[Stored entries]
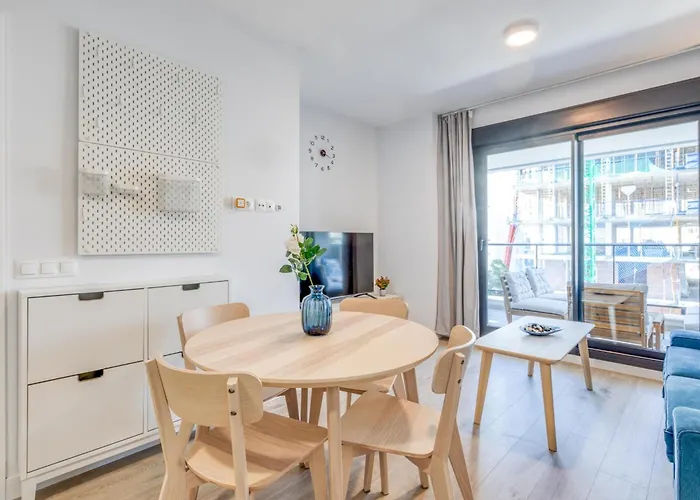 Hanami Connecta 3 Estepona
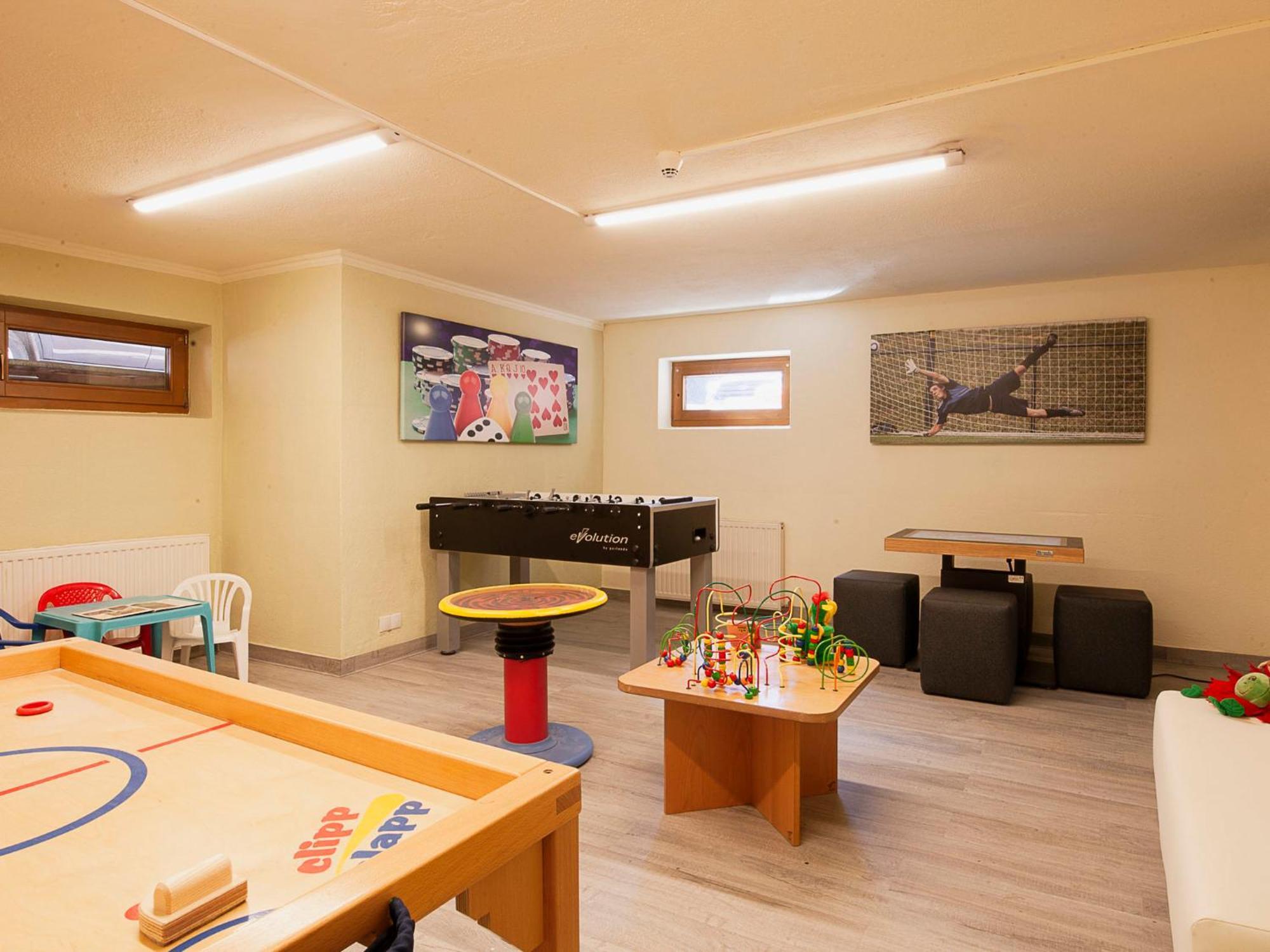 Apartment Falkner-7 By Interhome Oberlängenfeld エクステリア 写真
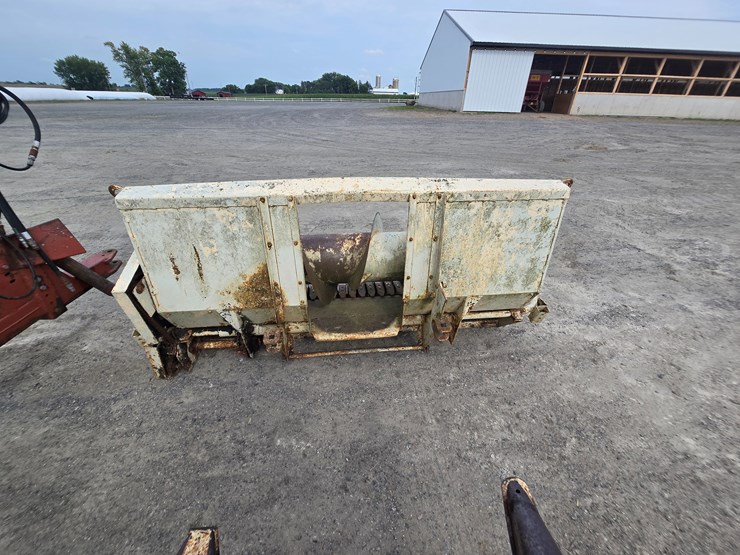 hesston-7160-image-9
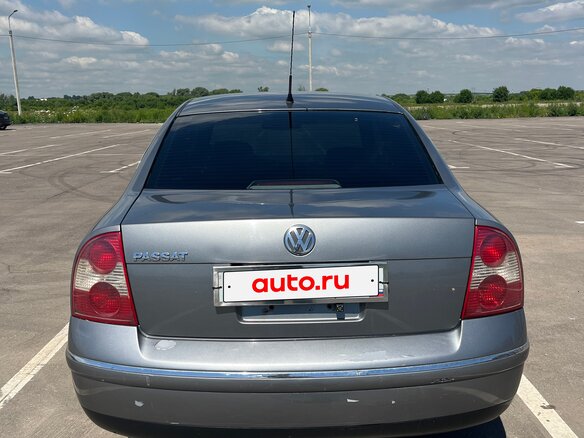 2003 Volkswagen Passat B5 Рестайлинг, серый - вид 3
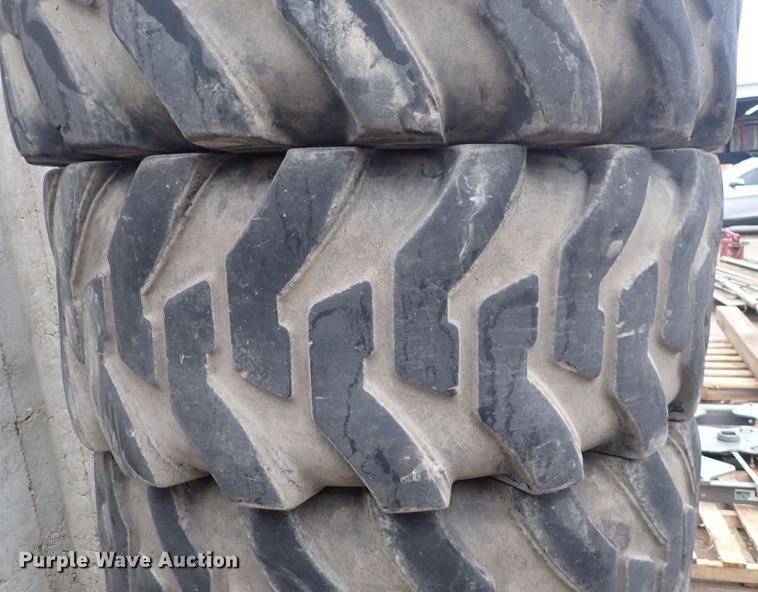 image for item MA9569 (4) 20.5-25 loader tires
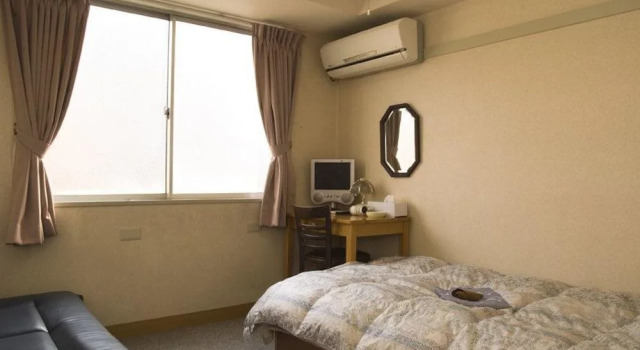 Aoi Hotel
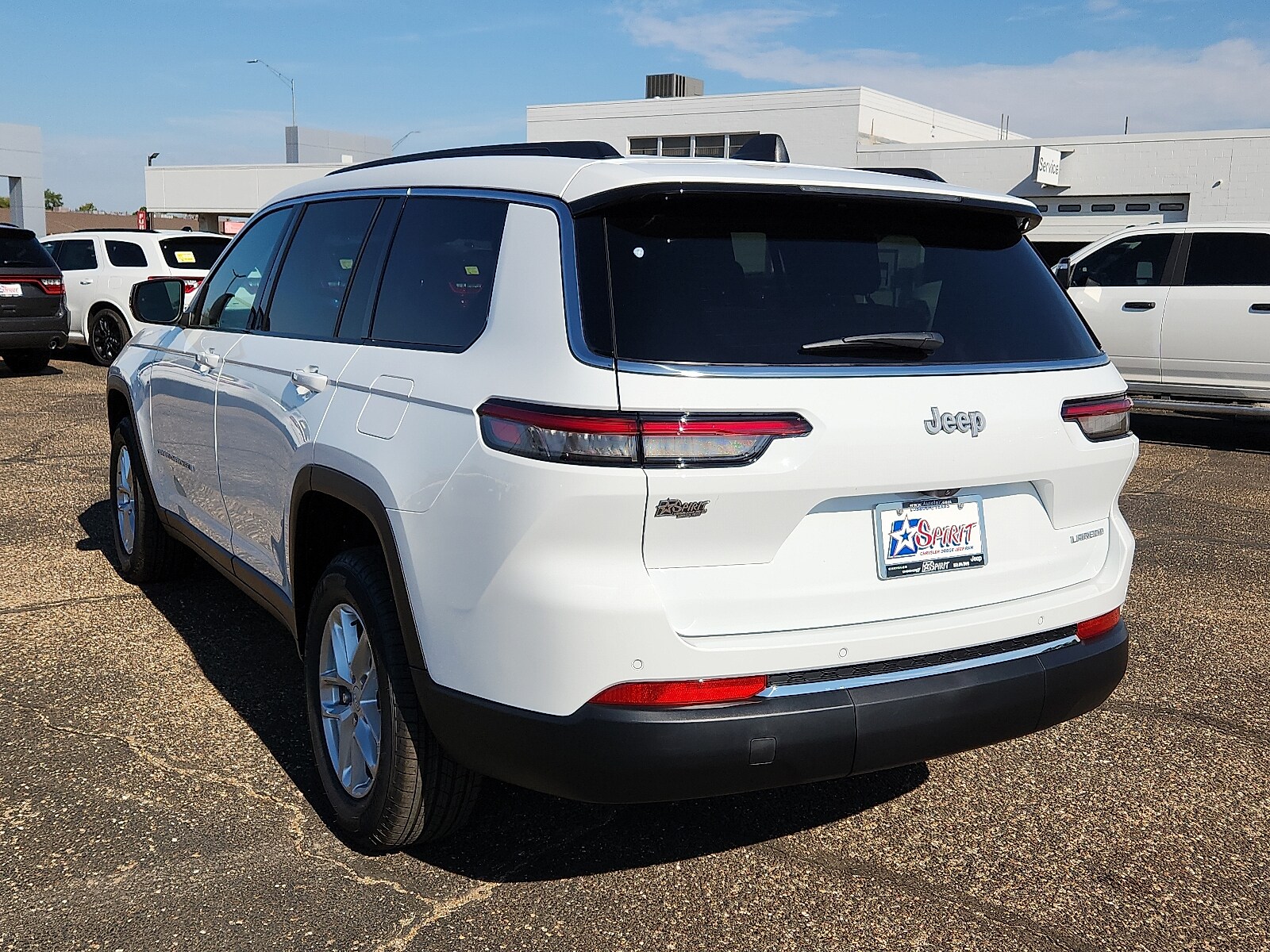 2025 Jeep Grand Cherokee Laredo photo 3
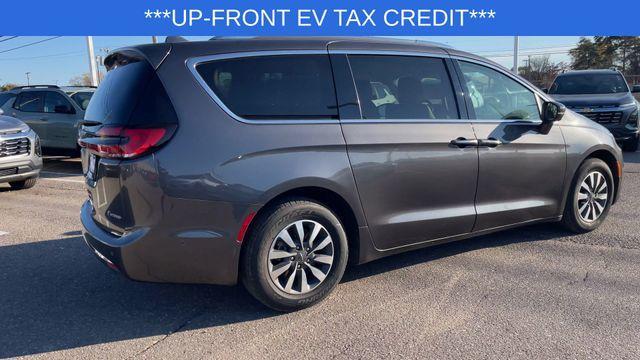 used 2021 Chrysler Pacifica Hybrid car, priced at $22,930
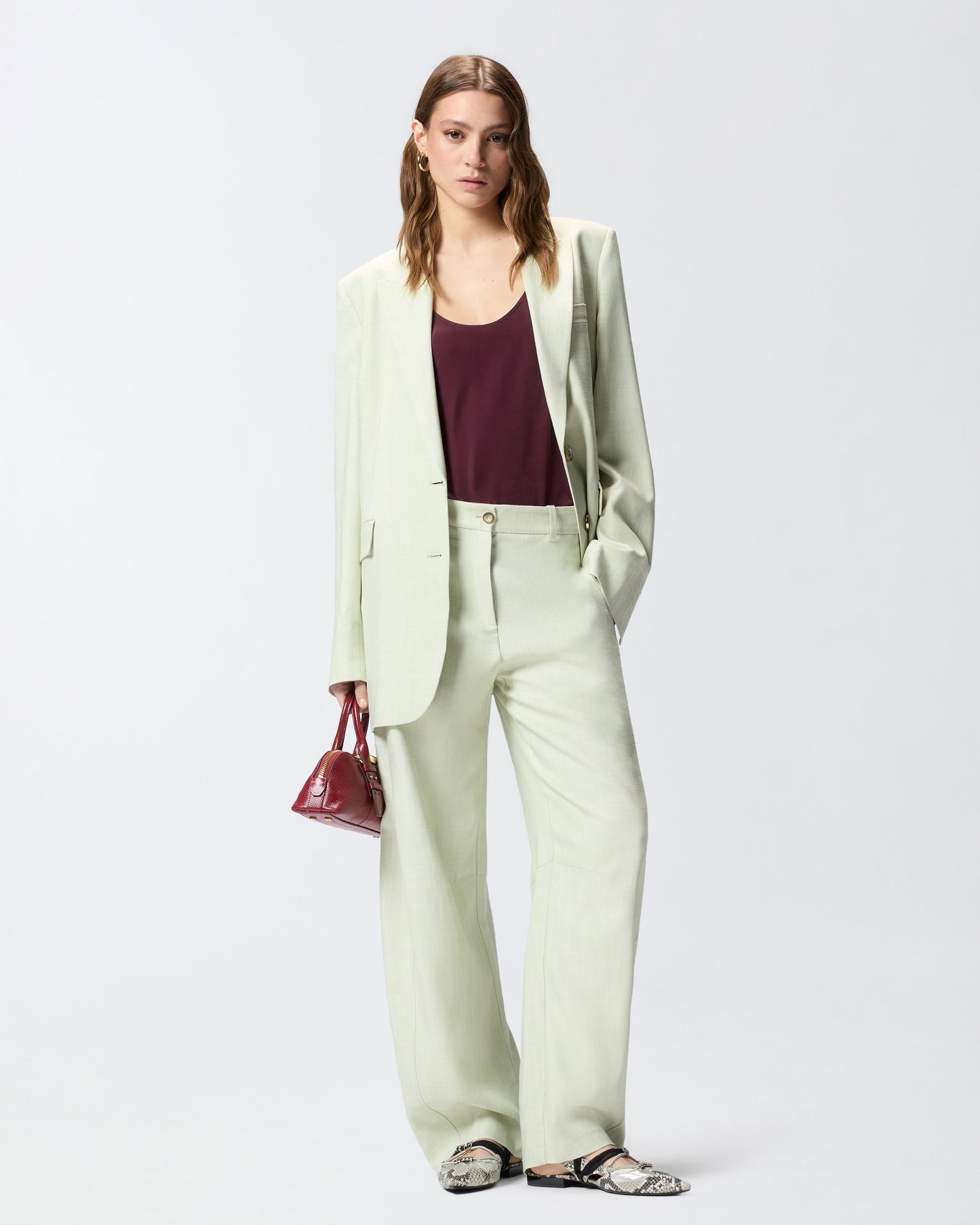 Trousers with belt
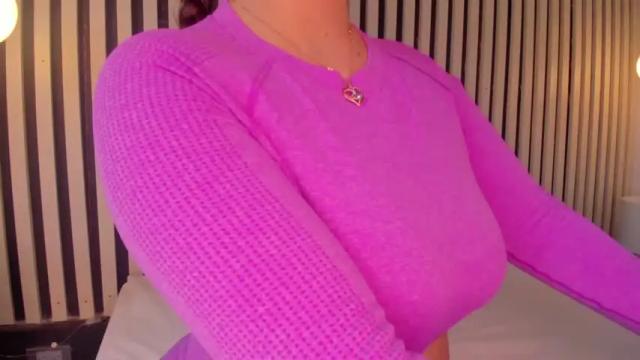 Image 6 of violetta_swift Stream on Chaturbate on 18 months ago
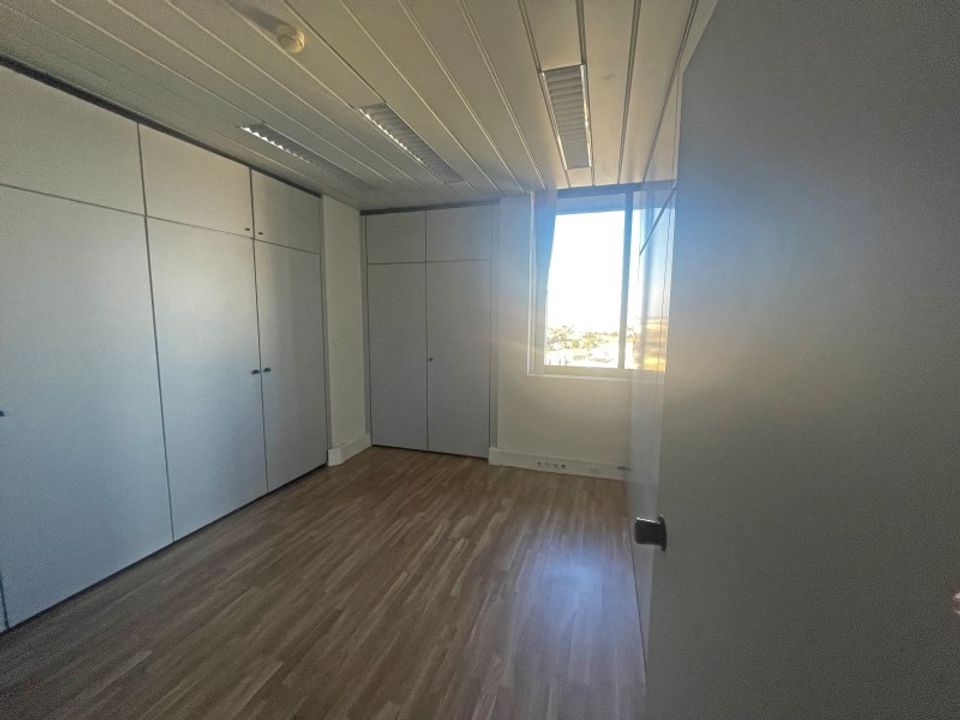 Erhvervsejendom i Sacavem, Lisbon - foto 5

* [WHAT THE TASK REQUIRES] Extract only the lines from the line containing "used 2021 Chrysler" through the final line of the records; keep both ends and drop every picture.

* [SOLUTION]
 used 2021 Chrysler Pacifica Hybrid car, priced at $22,930
 Trousers with belt
 Image 6 of violetta_swift Stream on Chaturbate on 18 months ago
 Erhvervsejendom i Sacavem, Lisbon - foto 5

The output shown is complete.